By Boris Hartl
Web Content Specialist
RAEFORD – Looking to build North Carolina's first ethanol-processing plant, a Hoke County delegation scheduled a summer tour of a dry mill ethanol plant west of Palestine, Ill.
When Raeford Mayor John McNeill returned from the trip, he was asked to describe the smell of the facility.
"It smells like opportunity. It smells like recognition for Hoke County. It smells like jobs," he responded.
McNeill echoed those same words during a Dec. 4 groundbreaking ceremony for North Carolina's own facility capable of producing about 75 million gallons of corn-based ethanol a year. The facility is one component in a project overseen by Raleigh-based Clean Burn Fuels. The firm is developing the $100 million plant on 500 acres three miles southeast of Raeford — a town about 20 miles west of Fayetteville.

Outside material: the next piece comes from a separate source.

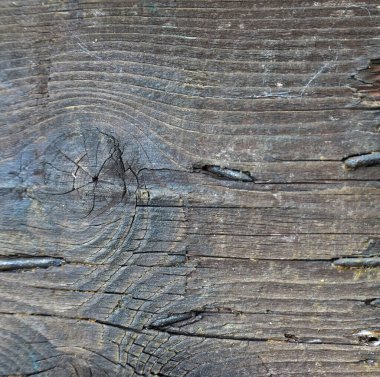 İçine çivi çakılmış eski bir tahta.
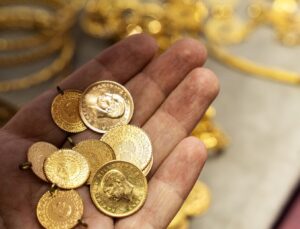 Canlı altın fiyatları 20 Eylül 2026: Bugün gram ve çeyrek altın ne kadar oldu? Altın yükselecek mi, düşecek mi?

Greg Carlisle, the company construction manager, said the plant could later process corn stalks, scrap wood and switchgrass as cellulosic ethanol. Company CEO Philip Kohl said the ethanol will be sold to oil companies who will in turn blend the substance into gasoline. Clean Burn Fuels is expected to begin production in early 2009, will also sell secondary products including dried distiller grains and carbon dioxide.
Moving Past Oil
The speakers at the ceremony spoke of moving past oil and evading increasing gasoline prices, but stressed the economic boost the facility will bring to Hoke County. Kohl envisions the company hiring 40 employees to handle the daily manufacturing operations and having another 60 people hauling the fuel to terminals including Greensboro, Wilmington and Charlotte.
Interest in Hoke County as a potential biofuels destination is growing. An unnamed company is interested in building a $10 million biodiesel facility in nearby Dundarrach to process animal fat into fuel.
The activity surrounding biofuels development in Hoke County matches North Carolina’s strategic goal of replacing 10 percent of North Carolina's annual gasoline consumption with renewable fuels by 2017, said Jason Nelson, the special projects manager for the Biotechnology Center.
"The Hoke County endeavor is symbolic of rural development and the role rural and agricultural communities around the state can and will play in developing a biofuels industry in North Carolina," he said.
Nationally, the American Coalition for Ethanol reports the United States has 21 states with 135 production facilities online with a total annual capacity of 7 billion gallons.